ASCII in other Windows installations and in Unix-land, because the default system narrow encoding is (typically) not an extension of Latin-1.
When the narrow string encoding points are not a subset of the wide string encoding points, some more active conversion must be employed.

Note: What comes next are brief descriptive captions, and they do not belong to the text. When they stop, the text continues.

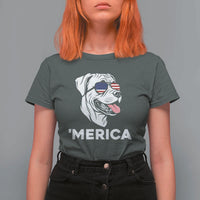 Patriotic Boxer Lover 4th Of July Dog T Shirt For Women American Flag Merica Pride
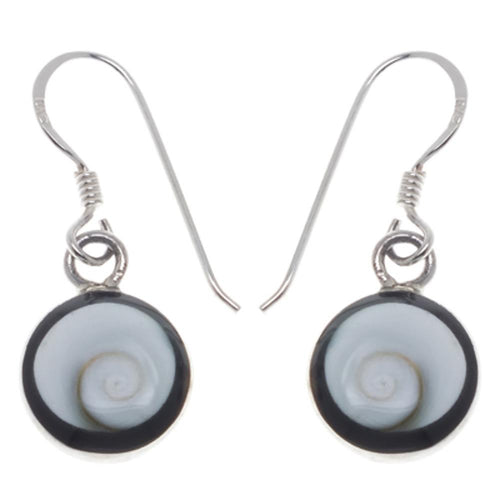 Shivaauge Silberohrringe Ohrringe schwarz rund Raisin 925er Silber Shiva Auge Eye Damen Schmuck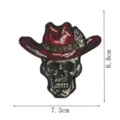 Écusson brodé tête de mort chapeau de cowboy pour vêtements, badge à coudre DIY, style gothique. - Style 1 (Colle Thermocollante)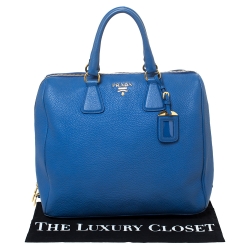 Pre Owned Prada Blue Vitello Daino Leather Satchel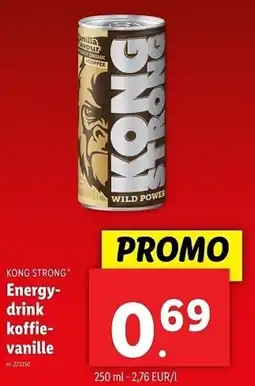 Lidl Kong Strong Energydrink koffie vanille aanbieding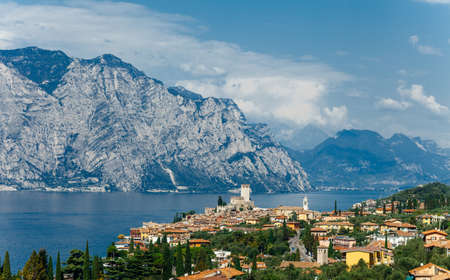 Scenic view of Malcesine on beautiful Garda lake, Italy. Travel backgroundの写真素材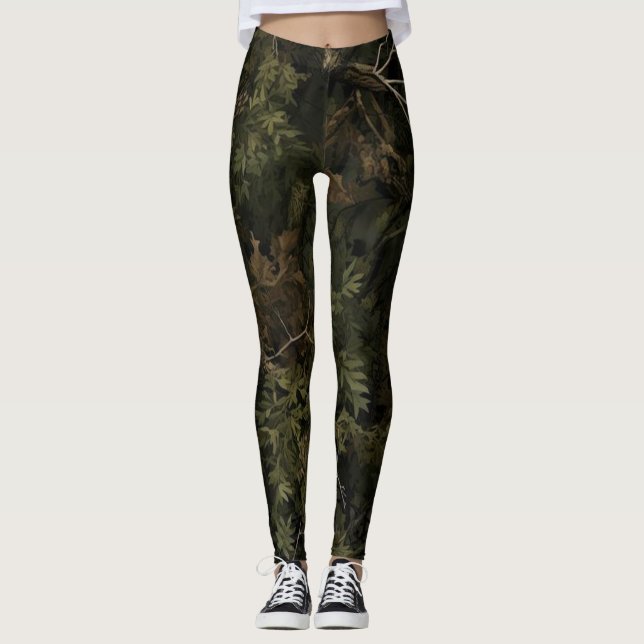 Legging Padrão de Camuflagem Florestal (Frente)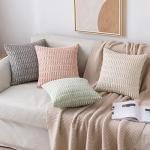 Set of 2 Soft Corduroy Striped Pillow Covers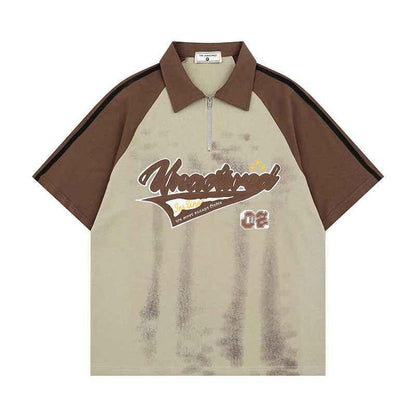 Original Design Color Block Shoulder Polo T-Shirt For Men | MuddyStock Originals AS0573-Earth Color eprolo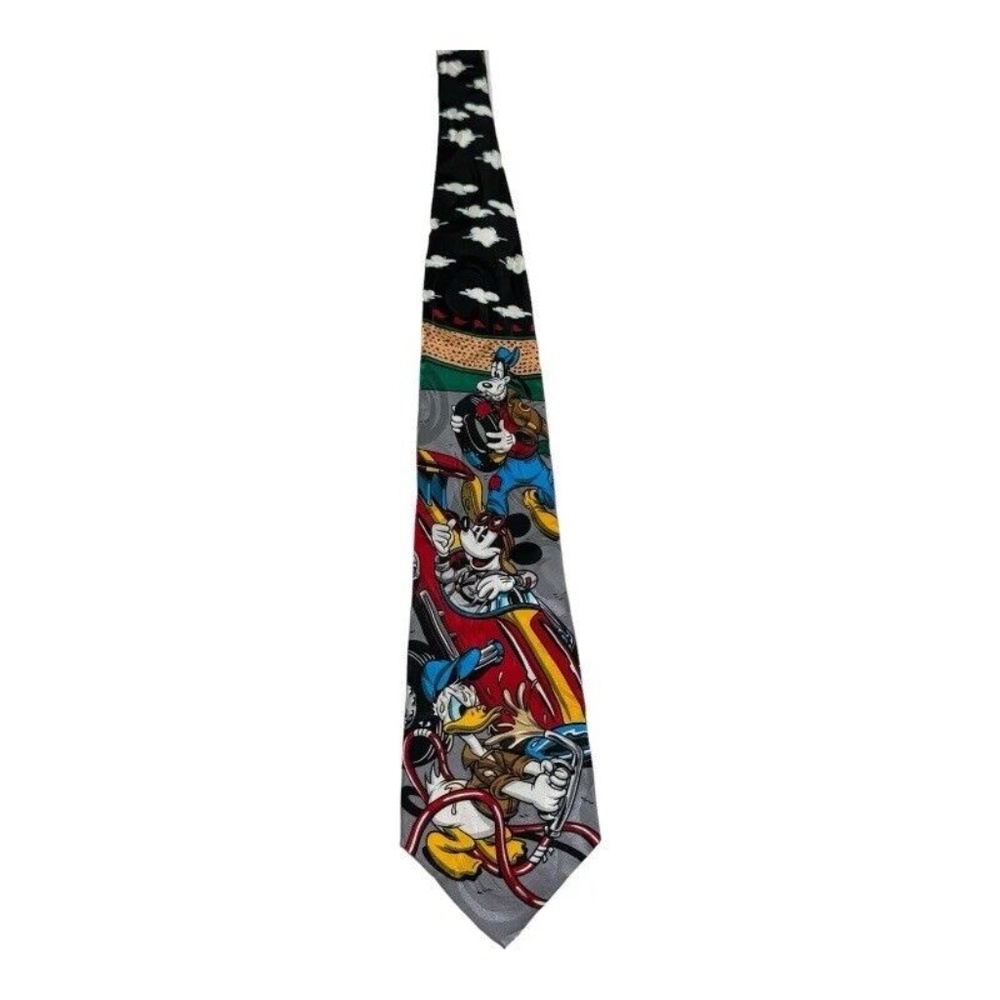 Vintage Disney Store Mickey Unlimited Neck Tie Made Mickey Mouse Pit Crew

The following works when the std::string
's encoding is the locale's narrow text encoding, and doesn't contain embedded zero bytes:
#include <iostream>
#include <locale> // std::locale
#include <locale.h> // setlocale
#include <stdexcept> // std::runtime_error
#include <stdlib.h> // mbstowcs
#include <string>
using namespace std;
auto hopefully( const bool condition ) -> bool { return condition; }
auto fail( const string& message ) -> bool { throw runtime_error( message ); }
auto widened( const string& s, locale const& loc = locale() )
-> wstring
{
const int n = s.length();
if( n == 0 ) { return L""; }
const int max_wide_encoding_values = (sizeof( wchar_t ) == 2? 2 : 1);
wstring ws( max_wide_encoding_values*s.length(), L'\0' );
const auto n_characters_stored = mbstowcs( &ws[0], &s[0], ws.size() );
hopefully( n_characters_stored != -1 )
|| fail( "mbstowcs failed" );
ws.resize( n_characters_stored );
return ws;
}
auto operator<<( wostream& stream, const string& s )
-> wostream&
{ return stream << s.c_str(); }
auto main() -> int
{
setlocale( LC_ALL, "" );
locale::global( locale( "" ) );
const wstring ws = widened( "Blåbærsyltetøy." );
for( const wchar_t wc : ws )
{
wcout << int( wc ) << ' ';
}
wcout << endl;
wcout << L"Should be 'Blåbærsyltetøy'." << endl;
wcout << L"Is '" << ws << L"'." << endl;
}
In Ubuntu (in a VirtualBox in Windows) the output is OK:
alf@devubuntu32:~/host/dev/explore/_/so/0244$ g++ foo.cpp -std=c++11
alf@devubuntu32:~/host/dev/explore/_/so/0244$ ./a.out
66 108 229 98 230 114 115 121 108 116 101 116 248 121 46
Should be 'Blåbærsyltetøy'.
Is 'Blåbærsyltetøy.'.
alf@devubuntu32:~/host/dev/explore/_/so/0244$ ▯
In Windows it's 1necessary to add some fixup to make the wide stream output work:
#include <io.h>
#include <fcntl.h>
#include <stdio.h>
static const bool _ = []() -> bool
{
const int fd = _fileno( stdout );
_setmode( fd, _isatty( fd )? _O_WTEXT : _O_U8TEXT );
return true;
}();
Then with Visual C++ in Windows the output is
H:\dev\explore\_\so\0244>cl iofix.cpp foo.cpp /Feb
iofix.cpp
foo.cpp
Generating Code...
H:\dev\explore\_\so\0244>b
66 108 229 98 230 114 115 121 108 116 101 116 248 121 46
Should be 'Blåbærsyltetøy'.
Is 'Blåbærsyltetøy.'.
H:\dev\explore\_\so\0244>_
However, with MinGW g++ in Windows the default output is not OK:
H:\dev\explore\_\so\0244>g++ iofix.cpp foo.cpp
H:\dev\explore\_\so\0244>a
66 108 195 165 98 195 166 114 115 121 108 116 101 116 195 184 121 46
Should be 'Blåbærsyltetøy'.
Is 'Blåbærsyltetøy.'.
H:\dev\explore\_\so\0244>_
And the reason is that the default g++ C++ execution character set is UTF-8, which is not the narrow text encoding specified by the default user's locale in Windows. A simple fix would be to specify the correct execution character set to g++. However, that's only practically possible with distributions of g++ that support those options, and e.g. the Nuwen distribution does not.
1) in Unix-land it worked as-is because the global C++ locale has been set to the user's default locale.